_Data for the task_:
========
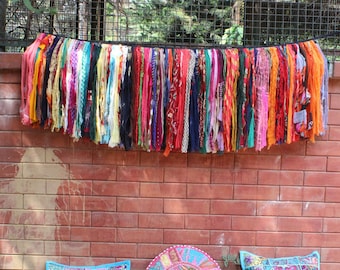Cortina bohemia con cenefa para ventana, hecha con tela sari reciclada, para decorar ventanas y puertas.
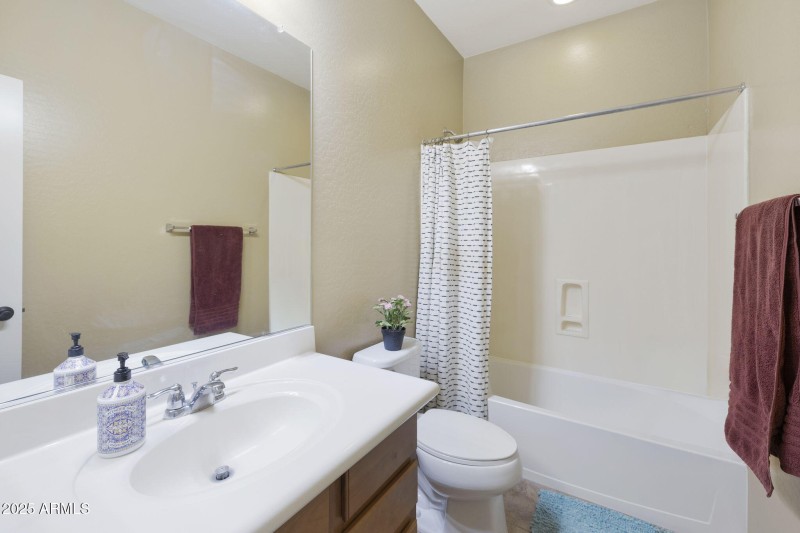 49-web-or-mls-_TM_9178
========
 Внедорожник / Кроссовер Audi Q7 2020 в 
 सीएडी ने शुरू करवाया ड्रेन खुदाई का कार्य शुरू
========
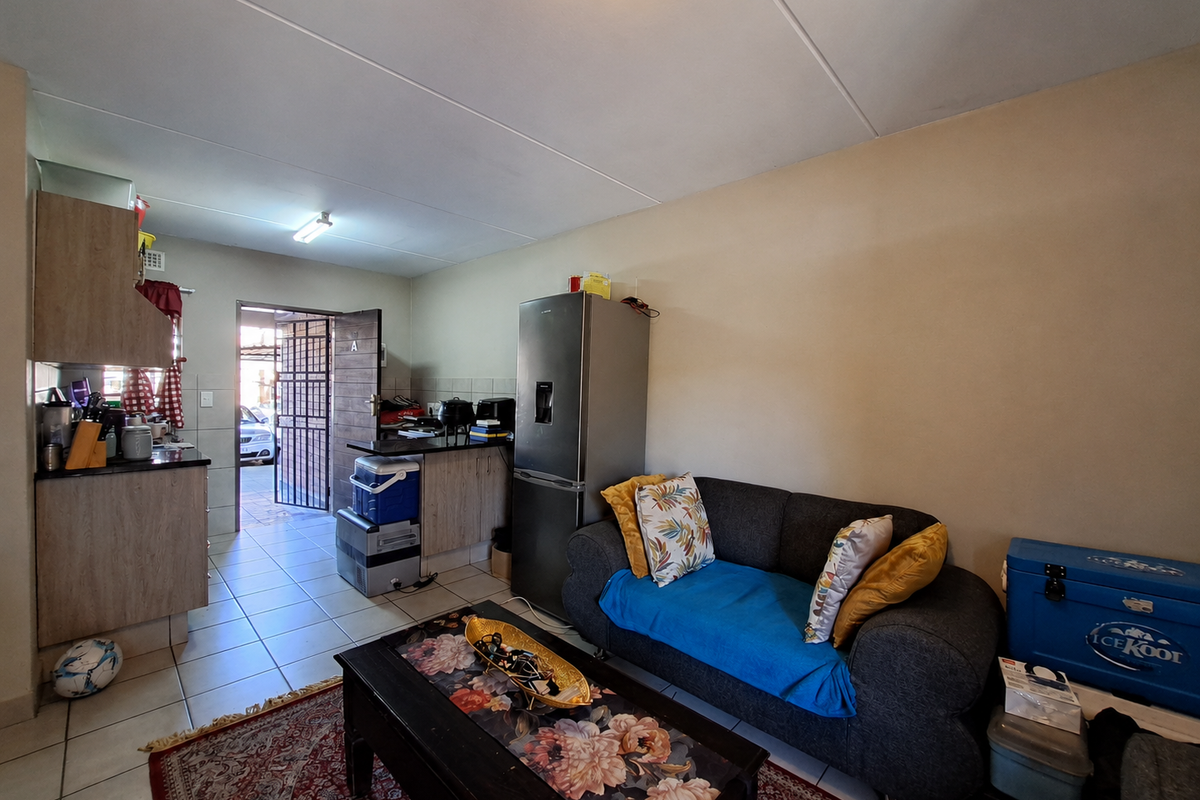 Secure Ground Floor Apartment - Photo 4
========
_What the task requires_:
After locating the line containing "Cortina bohemia con" in the entries above, return it and every line after it exactly, ending at the line containing "49-web-or-mls-_TM_9178", without pictures.

_Exercise result_:
Cortina bohemia con cenefa para ventana, hecha con tela sari reciclada, para decorar ventanas y puertas.
 49-web-or-mls-_TM_9178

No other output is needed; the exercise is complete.